Can a coffee farmer pay the rent?

By now you probably know about the coffee price crisis; coffee prices worldwide are hitting rock bottom. Trabocca is an importer of so called specialty coffee and is paying a significant higher price for that coffee. As the first user of Fairfood’s soon-to-be-launched traceability tool Trace they want to find out: is this price enough for a coffee farmer to reach a living income? Commercial director Sander Reuderink tells us about his quest for poverty-free coffee.

Around the globe, eighty percent of the coffee we drink is grown by twenty-five million smallholder farmers. For years, the price they have received for their coffee has been too low to cover household expenses and even the cost of production. In our industry this is known as the coffee price crisis and it has resulted in migration, child-labour and deforestation at an unimaginable scale.

Over the years, there have been countless initiatives aimed at solving the problem of low coffee prices. A complicating factor is that small-scale coffee farmers typically produce a semi-finished product that needs to undergo further processing prior to export. Existing social sustainability initiatives tend to focus on the price at which the finished product is exported, and do not provide transparency about the price received by the small-scale farmer, nor their ability to cover their cost of production and household expenses. Even in certified supply-chains, poverty is still omnipresent.

A human right
A living income is a human right (the International Labour Organisation has defined a living wage as a basic human right under their conventions and recommendations to the Universal Declaration of Human Rights Article 23) but often one that remains out of sight in long, opaque supply-chains. In the specialty coffee sector, we tend to believe that because we pay a premium for higher-quality coffee on our end, the farmer earns more. But how sure are we that that is actually true? And how much more is enough? To answer these questions, we (Trabocca) decided to start tracking our farmers’ ability to earn a living income.

The group of farmers we selected for our first trial consisted of 278 small-scale producers in Guji, Ethiopia. Every year, the farmers deliver their freshly harvested coffee cherries for further processing to the Suke Quto washing station, one of our long-time suppliers. We introduced Fairfood’s traceability platform Trace to the supply chain to track both the farmers’ deliveries and the payments they received. The platform allows us to provide insight about these transactions to our customers.

coffee farmer

Families up to thirty-six members
Before we started the project, I calculated a price that would cover household expenses and cost of production.

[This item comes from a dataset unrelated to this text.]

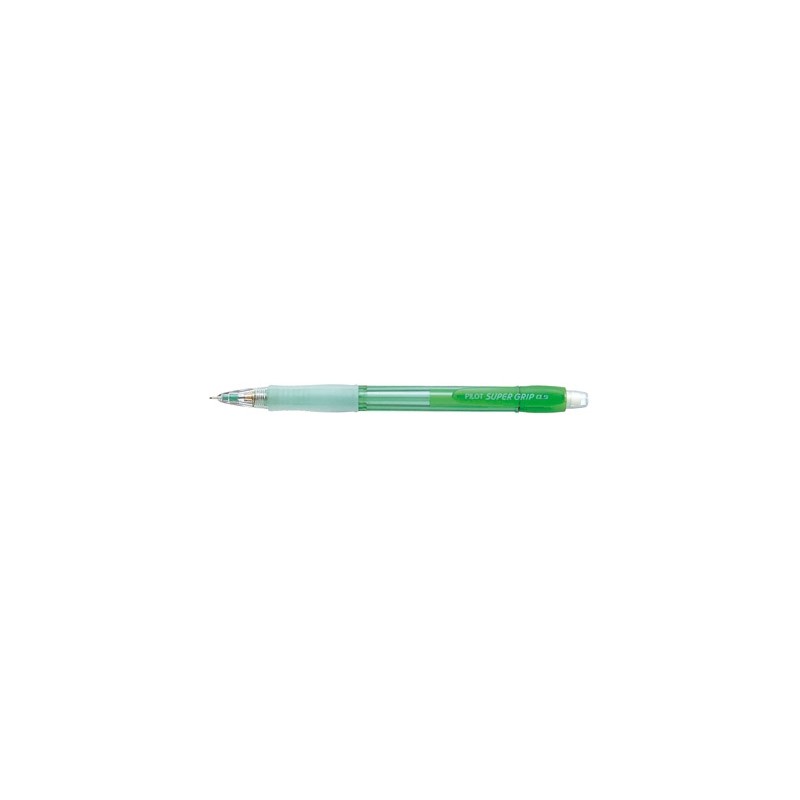 Portamine 05 Pilot Super Grip colore verde ricaricabile 08733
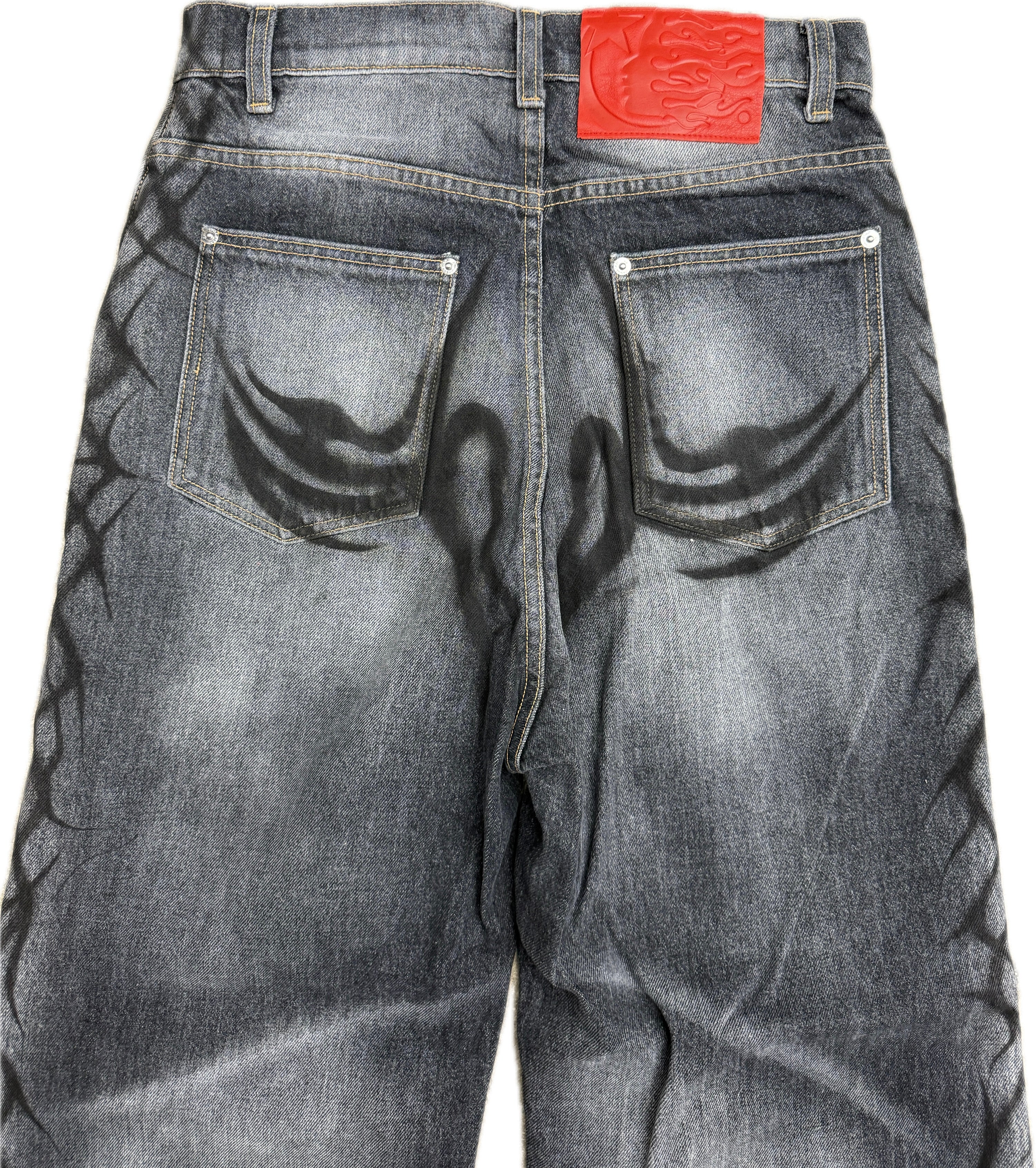 HS Airbrush Jeans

When the first data from actual transactions arrived, I realised how much I had underestimated the diversity of our farmers: where I had assumed an average family size of five, our dataset included families of up to thirty-six members! As a result, the data we had available on household expenses was not specific enough to make a solid claim about whether our farmers were able to earn a living income.

An additional complicating factor was that farmers are not selling all of their coffee to us. Often, families keep a share of their coffee in dried form to be sold on the local market later, much in the same way that we would use a savings account. This meant that a significant amount of coffee was invisible to us, and we had no idea how much income was earned from these sales, or from any other non-coffee related activities, such as breeding livestock or growing subsistence crops.

Above average
Farmers in Ethiopia typically receive around 10 Ethiopian Birr (USD 0,30) per kilogram of coffee cherries, depending on the region and season. Our data showed that the farmers in our trial received an amazing 27 Ethiopian Birr (USD 0,90) for their coffee. This translates into USD 6,30 per kilogram of roasted coffee going directly into the farmers’ pockets. Part of the explanation for these high prices is that this season cherry prices in the entire Guji zone were above average, but it also showed that with long term commitment and a focus on quality, we can significantly improve the income of our farmers.

Was our price enough to cover cost of production and household expenses, to allow farmers to reach a living income? The honest answer is that there is too much diversity between the farmers to draw that conclusion with the available data. For the coming season, we will need to develop partnerships to gather much more data about cost of production and household expenses in the different sourcing regions in Ethiopia. Only then can we make coffee truly poverty-free!